Il cosiddetto "realismo percettivo" sembra, comunque, essere destinato a divenire un modello cognitivo pericolosamente obsoleto, che purtroppo ancora sopravvive nelle concezioni di interpretazione comune della percezione visiva, proprio in quanto viene normalmente riproposto dall'educazione tradizionale, proprio a partire dalla scuola.
Certo, la questione classica della percettologia, ha implicazioni storiche e persino critiche non indifferenti, che hanno permesso di comprendere meglio intere vicende della cultura artistica del passato.

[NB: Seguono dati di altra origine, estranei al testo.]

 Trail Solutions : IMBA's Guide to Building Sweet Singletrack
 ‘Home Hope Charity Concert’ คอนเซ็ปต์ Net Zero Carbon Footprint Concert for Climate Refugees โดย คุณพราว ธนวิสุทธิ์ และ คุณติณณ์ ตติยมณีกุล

Faccio un esempio: la differenza tra le due principali scuole artistiche del Rinascimento, quella fiorentina e quella veneziana, può essere in parte spiegata anche ricorrendo ai due contrapposti modelli percettologici che distinguevano le due scuole pittoriche, modelli che, evidentemente, erano a loro volta una conseguenza di diverse concezioni filosofiche e persino religiose della realtà dei due sistemi culturali e politici.

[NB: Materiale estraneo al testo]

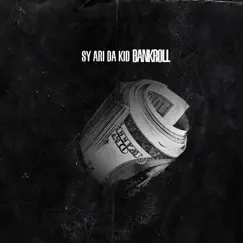 Bankroll - Single by Sy Ari Da Kid album reviews, ratings, credits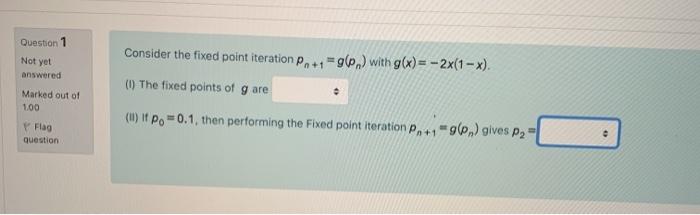 Solved Question 1 Consider the fixed point iteration | Chegg.com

Per gli artisti toscani, come, per esempio, Botticelli, si riteneva possibile indicare con un segno preciso e incontrovertibile i contorni delle cose, ognuna delle quali era ben isolabile dallo sfondo (si pensi che in molti dipinti su tavola di Botticelli è possibile ancora individuare un vero e proprio solco inciso in corrispondenza delle linee grafiche dei contorni); per gli artisti veneziani, invece, l'intento era quello di fondere insieme, nell'unità della luce naturale, i corpi e gli ambienti, utilizzando la sfumatura cromatica, che permetteva di non interrompere la continuità tra figura e sfondo (commovente presenza di un'impronta digitale di Giovanni Bellini in una delle sue opere...).
La contrapposizione tra disegno e colore (o, comunque, tra figura e sfondo) ritornerà più volte, anche se con diverse caratteristiche, nella storia successiva dell'arte, diventando una vera e propria ossessione nel momento intensissimo dell'arte astratta americana degli anni Cinquanta.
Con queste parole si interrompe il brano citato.